┏━━

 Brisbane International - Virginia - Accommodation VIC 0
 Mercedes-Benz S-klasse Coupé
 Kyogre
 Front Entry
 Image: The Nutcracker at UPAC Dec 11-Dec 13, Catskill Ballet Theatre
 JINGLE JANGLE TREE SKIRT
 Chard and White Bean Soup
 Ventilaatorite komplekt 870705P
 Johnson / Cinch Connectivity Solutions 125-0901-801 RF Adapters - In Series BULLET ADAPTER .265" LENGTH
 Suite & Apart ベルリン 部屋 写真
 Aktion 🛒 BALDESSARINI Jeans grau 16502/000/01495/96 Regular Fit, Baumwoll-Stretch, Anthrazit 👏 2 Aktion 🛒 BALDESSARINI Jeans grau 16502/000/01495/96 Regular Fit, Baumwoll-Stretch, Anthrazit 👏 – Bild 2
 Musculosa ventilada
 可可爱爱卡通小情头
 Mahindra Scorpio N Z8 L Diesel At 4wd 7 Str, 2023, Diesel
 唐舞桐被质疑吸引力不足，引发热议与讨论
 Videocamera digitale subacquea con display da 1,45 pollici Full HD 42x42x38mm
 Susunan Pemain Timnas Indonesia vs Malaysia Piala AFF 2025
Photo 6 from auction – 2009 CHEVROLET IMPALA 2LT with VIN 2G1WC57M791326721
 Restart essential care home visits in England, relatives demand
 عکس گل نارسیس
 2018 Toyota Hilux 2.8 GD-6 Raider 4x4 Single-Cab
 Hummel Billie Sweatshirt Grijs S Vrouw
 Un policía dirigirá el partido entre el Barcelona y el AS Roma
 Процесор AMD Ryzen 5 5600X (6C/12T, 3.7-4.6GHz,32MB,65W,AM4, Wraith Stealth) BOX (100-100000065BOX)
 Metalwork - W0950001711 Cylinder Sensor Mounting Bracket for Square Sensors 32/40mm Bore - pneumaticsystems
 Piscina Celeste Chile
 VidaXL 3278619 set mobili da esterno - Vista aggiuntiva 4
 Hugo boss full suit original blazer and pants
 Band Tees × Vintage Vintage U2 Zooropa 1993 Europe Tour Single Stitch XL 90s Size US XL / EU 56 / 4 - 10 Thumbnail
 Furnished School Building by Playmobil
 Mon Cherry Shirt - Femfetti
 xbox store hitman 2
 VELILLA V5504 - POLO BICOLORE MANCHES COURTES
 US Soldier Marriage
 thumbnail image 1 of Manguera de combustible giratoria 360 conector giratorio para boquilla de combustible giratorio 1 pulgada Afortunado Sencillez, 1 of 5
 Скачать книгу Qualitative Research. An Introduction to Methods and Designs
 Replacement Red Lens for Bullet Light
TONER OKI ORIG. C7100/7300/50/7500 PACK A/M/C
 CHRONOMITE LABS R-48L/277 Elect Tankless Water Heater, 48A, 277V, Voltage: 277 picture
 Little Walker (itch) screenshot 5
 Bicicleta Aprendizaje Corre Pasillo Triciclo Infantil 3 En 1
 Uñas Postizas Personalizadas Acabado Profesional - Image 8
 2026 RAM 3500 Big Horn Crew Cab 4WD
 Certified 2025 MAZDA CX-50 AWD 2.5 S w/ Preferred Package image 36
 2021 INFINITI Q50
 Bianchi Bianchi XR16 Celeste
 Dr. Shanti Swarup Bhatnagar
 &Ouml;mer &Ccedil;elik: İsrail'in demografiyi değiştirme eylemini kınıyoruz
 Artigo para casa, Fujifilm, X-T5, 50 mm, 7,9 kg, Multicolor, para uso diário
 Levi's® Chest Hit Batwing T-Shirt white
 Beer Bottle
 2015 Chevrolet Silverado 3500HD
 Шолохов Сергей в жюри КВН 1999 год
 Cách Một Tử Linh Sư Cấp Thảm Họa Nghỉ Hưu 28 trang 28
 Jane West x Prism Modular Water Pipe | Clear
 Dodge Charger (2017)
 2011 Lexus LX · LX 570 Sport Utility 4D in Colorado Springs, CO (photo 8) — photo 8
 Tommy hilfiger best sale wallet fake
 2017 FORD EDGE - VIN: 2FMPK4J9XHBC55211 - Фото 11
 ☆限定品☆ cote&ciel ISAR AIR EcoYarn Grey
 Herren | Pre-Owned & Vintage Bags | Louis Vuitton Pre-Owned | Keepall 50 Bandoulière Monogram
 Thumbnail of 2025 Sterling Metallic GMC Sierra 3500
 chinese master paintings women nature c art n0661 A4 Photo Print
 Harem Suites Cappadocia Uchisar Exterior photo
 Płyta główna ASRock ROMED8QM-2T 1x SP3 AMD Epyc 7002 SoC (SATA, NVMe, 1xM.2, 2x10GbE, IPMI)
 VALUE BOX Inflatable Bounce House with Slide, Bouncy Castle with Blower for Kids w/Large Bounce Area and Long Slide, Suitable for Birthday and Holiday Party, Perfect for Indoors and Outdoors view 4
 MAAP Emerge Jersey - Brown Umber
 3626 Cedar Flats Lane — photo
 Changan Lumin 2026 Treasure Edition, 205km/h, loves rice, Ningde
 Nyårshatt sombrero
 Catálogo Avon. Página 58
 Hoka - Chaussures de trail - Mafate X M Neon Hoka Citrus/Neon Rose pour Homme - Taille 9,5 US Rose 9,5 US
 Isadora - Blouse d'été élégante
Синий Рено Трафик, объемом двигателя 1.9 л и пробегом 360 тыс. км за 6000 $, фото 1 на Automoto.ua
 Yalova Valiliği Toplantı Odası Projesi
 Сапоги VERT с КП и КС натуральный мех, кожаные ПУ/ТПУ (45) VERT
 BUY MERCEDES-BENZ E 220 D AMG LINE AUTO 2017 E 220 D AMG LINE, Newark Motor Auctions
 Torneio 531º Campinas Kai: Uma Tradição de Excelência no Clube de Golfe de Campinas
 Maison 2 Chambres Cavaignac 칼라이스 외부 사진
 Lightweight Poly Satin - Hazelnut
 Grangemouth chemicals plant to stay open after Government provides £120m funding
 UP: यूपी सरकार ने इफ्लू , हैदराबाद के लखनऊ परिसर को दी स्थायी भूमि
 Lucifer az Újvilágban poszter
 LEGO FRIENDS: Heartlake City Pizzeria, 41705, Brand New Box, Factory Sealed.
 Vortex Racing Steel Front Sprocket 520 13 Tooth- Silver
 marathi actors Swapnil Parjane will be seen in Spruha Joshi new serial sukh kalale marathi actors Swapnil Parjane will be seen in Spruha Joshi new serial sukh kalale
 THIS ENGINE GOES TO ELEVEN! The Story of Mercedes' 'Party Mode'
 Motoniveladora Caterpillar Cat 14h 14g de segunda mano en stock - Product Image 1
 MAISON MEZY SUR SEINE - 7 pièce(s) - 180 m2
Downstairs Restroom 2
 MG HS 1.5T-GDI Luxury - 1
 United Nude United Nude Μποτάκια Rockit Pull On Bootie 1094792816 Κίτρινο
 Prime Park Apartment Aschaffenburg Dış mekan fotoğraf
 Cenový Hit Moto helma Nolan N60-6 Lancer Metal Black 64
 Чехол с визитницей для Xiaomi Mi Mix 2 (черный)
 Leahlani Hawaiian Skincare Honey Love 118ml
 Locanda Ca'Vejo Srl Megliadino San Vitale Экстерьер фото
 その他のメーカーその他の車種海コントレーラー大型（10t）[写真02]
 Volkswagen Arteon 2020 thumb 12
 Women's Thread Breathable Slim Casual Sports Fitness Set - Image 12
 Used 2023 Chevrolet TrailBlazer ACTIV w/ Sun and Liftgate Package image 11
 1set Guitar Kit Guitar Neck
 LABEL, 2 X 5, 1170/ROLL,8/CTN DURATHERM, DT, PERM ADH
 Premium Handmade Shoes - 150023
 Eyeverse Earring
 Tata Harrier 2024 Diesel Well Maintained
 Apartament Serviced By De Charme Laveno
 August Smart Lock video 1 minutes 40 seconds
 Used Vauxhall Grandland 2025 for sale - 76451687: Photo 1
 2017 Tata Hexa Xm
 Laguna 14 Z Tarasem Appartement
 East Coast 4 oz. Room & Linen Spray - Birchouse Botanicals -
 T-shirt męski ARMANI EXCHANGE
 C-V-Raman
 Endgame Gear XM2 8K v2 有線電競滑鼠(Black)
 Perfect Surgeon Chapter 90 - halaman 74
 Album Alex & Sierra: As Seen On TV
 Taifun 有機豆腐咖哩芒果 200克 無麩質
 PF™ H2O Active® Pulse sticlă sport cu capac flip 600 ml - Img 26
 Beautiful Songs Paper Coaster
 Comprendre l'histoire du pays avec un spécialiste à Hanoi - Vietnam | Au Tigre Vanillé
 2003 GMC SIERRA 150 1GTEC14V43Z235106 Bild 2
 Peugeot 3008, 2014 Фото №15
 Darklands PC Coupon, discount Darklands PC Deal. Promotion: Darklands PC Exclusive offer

┗━━

■ Problem to work on ■
Find the line that contains "Tata Harrier 2024 Diesel Well Maintained". Restate it and all lines after it exactly, ending with the final line of the data.

■ Written answer ■
 Tata Harrier 2024 Diesel Well Maintained
 Apartament Serviced By De Charme Laveno
 August Smart Lock video 1 minutes 40 seconds
 Used Vauxhall Grandland 2025 for sale - 76451687: Photo 1
 2017 Tata Hexa Xm
 Laguna 14 Z Tarasem Appartement
 East Coast 4 oz. Room & Linen Spray - Birchouse Botanicals -
 T-shirt męski ARMANI EXCHANGE
 C-V-Raman
 Endgame Gear XM2 8K v2 有線電競滑鼠(Black)
 Perfect Surgeon Chapter 90 - halaman 74
 Album Alex & Sierra: As Seen On TV
 Taifun 有機豆腐咖哩芒果 200克 無麩質
 PF™ H2O Active® Pulse sticlă sport cu capac flip 600 ml - Img 26
 Beautiful Songs Paper Coaster
 Comprendre l'histoire du pays avec un spécialiste à Hanoi - Vietnam | Au Tigre Vanillé
 2003 GMC SIERRA 150 1GTEC14V43Z235106 Bild 2
 Peugeot 3008, 2014 Фото №15
 Darklands PC Coupon, discount Darklands PC Deal. Promotion: Darklands PC Exclusive offer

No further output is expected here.